Wenn man klein ist, hat man noch keine Vorstellung davon, wie groß beziehungsweise wie klein die Welt ist, die Welt ist noch keine blaue Kugel mit fünf grünen Kontinenten, die Welt ist bunt und grenzenlos, sie erstreckt sich in alle Richtungen wie das Weltall.

Man lernt jeden Tag etwas Neues, jeden Vogel sieht man einmal zum ersten Mal. Das kindliche Gehirn ist so beschaffen, dass es sich alles merkt, was überlebenswichtig sein könnte, aber gleichzeitig ist es so neu und frisch, dass es sich nicht sicher ist, was überlebenswichtig sein wird. So merkt es sich sicherheitshalber am Anfang alles. Im Laufe des Lebens schrumpft die Welt dermaßen auf das tatsächlich Überlebenswichtige, dass man nicht mehr die Amsel, den Buchfink, die Dohle, die Elster sieht, außer man ist Ornithologe; also wenn man kein Ornithologe ist, sieht man nur noch Vögel.

Wir kennen bis zu 100.000 Wörter, benutzen aber im Durchschnitt nur 14.000. Unsere Welt schrumpft samt der Hoffnung, samt dem Glauben, dass wir eine unendliche Welt bewohnen können.

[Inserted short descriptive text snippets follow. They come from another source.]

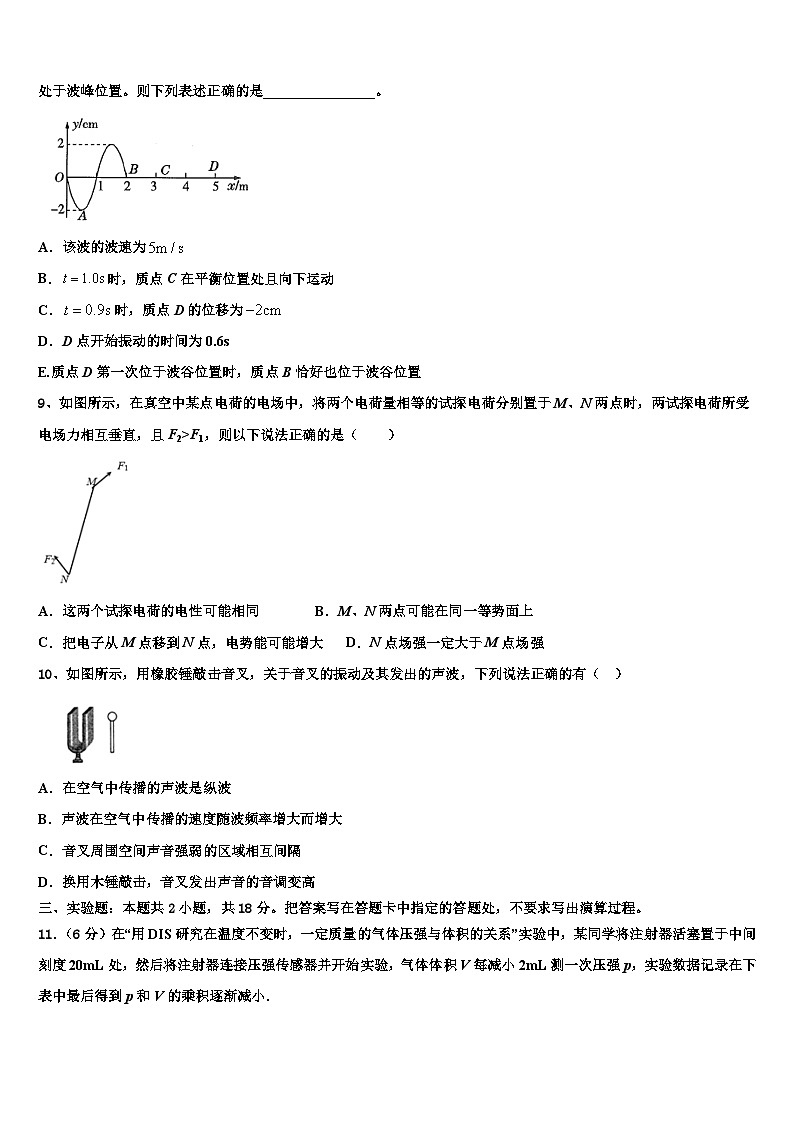 2026届江苏省镇江一中等高考冲刺押题（最后一卷）物理试卷含解析第3页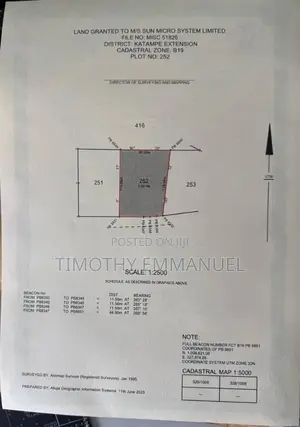 1 Hectares C of O Katampe Extension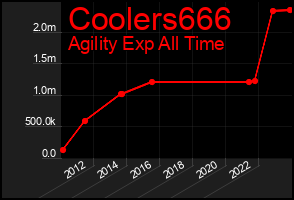 Total Graph of Coolers666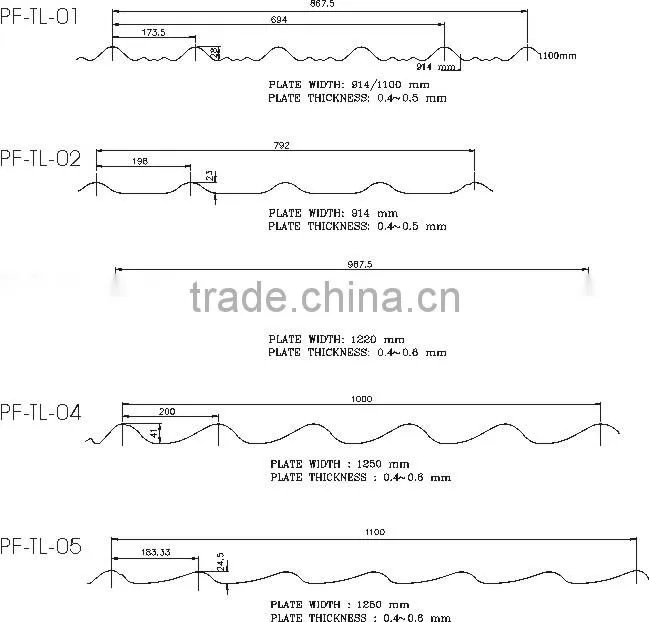 Durable in use best selling glazed steel roll forming machine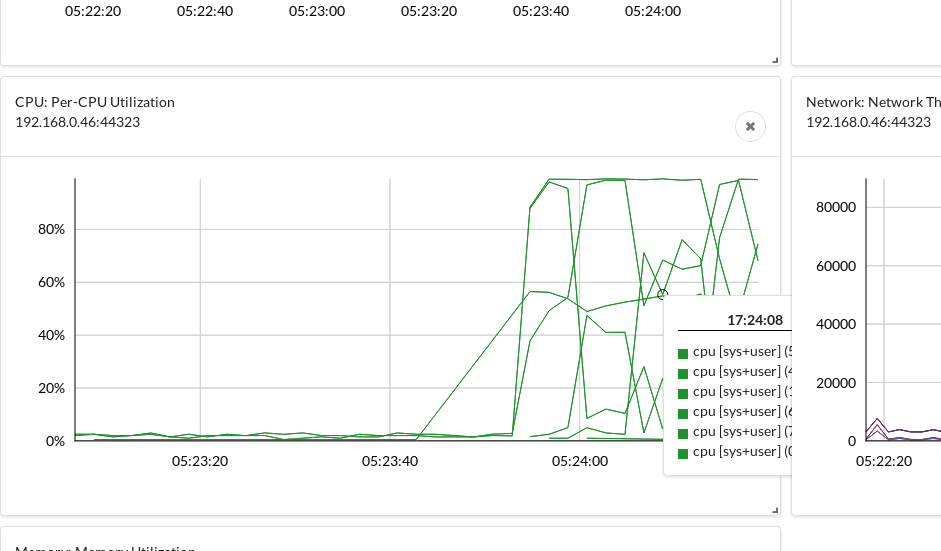 941x551 Graph Renders Over Tooltip From Another Graph Issue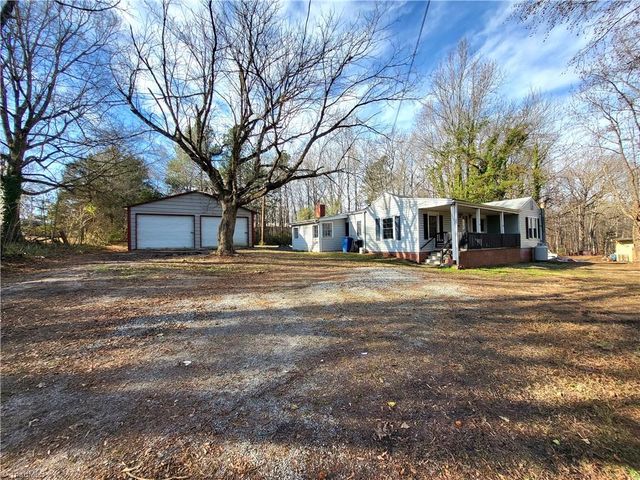 1535 E Fairfield Road, High Point, NC 27263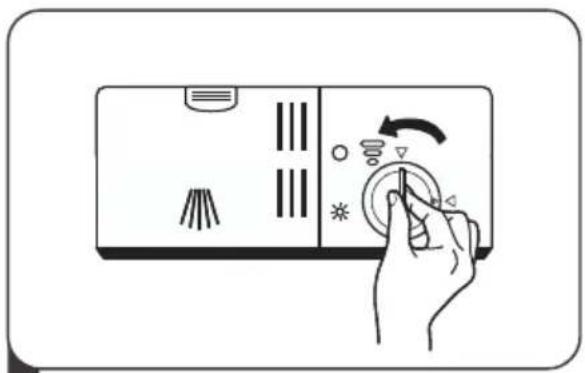 MIDEA ST 3.6F wi - Filling The Rinse Aid Reservoir - 1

Wo sind all diese Wörter, die wir erkennen, aber nicht benutzen?

Ja, in den Büchern. Diese dehnen unsere Welt wieder aus.

Als ich klein war und noch nicht lesen konnte, waren die Reihen der Buchstaben in den Zeitungen und in den Büchern für mich ein fester Beweis, schwarz auf weiß sozusagen, dass es da vor mir einen Sinn gibt, der mir nicht zugänglich ist, den ich nicht entziffern kann. Die Anziehungskraft war so stark wie bei dieser einen Tür im Haus meiner Tante, die ich nicht aufmachen durfte. Nichts hat mich mehr interessiert als das Zimmer dahinter. So lernte ich auch sehr schnell zu lesen. Ich las einfach alles Geschriebene, das ich gesehen habe, nur um immer wieder das Geheimnis zu lüften.

Das ging nicht gleich so leicht, weil, obwohl ich alles lesen konnte, konnte ich noch nicht alles verstehen. Ich ließ mich übrigens gerne von den Titeln bezirzen, und als ich auf einem Buchrücken im Regal meiner Eltern Madame Bovary sah, hat mich dieses Ypsilon am Ende, das wir im slowenischen Alphabet nicht haben, unglaublich angezogen. Meine Mutter war ob meiner neuen Lektüre entsetzt, mein Vater hingegen flüsterte ihr zu, das sei „unproblematisch“, weil ich „eh nichts verstehe“.

Das war dann die nächste Stufe beim Lüften des Geheimnisses. Ich musste jetzt den Sinn auf einer anderen Ebene entschlüsseln. Ich merkte mir alles, was ich nicht verstanden habe. Das ist nicht selbstverständlich, es sollte viel einfacher sein, sich Dinge zu merken, die man versteht. Aber wahrscheinlich hielt es mein Gehirn für überlebenswichtig, Unverständliches zu behalten und es allmählich zu entziffern, damit es kein potenzielles Sicherheitsrisiko darstellt.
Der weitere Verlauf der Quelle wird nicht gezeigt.